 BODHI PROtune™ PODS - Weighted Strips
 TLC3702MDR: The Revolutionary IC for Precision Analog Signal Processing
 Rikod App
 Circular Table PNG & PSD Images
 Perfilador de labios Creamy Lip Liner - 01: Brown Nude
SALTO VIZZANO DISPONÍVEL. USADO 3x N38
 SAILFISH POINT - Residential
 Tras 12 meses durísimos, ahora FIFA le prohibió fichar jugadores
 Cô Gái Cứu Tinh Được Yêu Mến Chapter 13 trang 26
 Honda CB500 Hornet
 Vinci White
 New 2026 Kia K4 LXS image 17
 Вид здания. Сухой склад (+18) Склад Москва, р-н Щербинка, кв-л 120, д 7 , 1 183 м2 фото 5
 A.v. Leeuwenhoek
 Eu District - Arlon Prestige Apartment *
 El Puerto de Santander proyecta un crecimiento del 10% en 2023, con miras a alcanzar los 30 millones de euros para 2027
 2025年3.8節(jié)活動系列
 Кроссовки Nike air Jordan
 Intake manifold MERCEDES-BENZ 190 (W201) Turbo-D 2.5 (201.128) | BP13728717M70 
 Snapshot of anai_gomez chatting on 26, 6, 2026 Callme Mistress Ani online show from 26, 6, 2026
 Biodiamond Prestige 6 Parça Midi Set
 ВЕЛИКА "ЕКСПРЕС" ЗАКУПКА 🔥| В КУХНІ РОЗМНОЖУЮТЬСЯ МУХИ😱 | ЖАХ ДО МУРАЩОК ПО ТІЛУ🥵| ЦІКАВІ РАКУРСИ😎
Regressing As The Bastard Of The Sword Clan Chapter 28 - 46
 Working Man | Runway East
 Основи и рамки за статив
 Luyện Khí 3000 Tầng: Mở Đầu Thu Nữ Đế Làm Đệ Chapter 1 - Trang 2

####################

** EXERCISE DETAILS **
Which lines in the material above include the string "Prestige"? Pull them out.

** RESPONSE AREA **
 Eu District - Arlon Prestige Apartment *
 Biodiamond Prestige 6 Parça Midi Set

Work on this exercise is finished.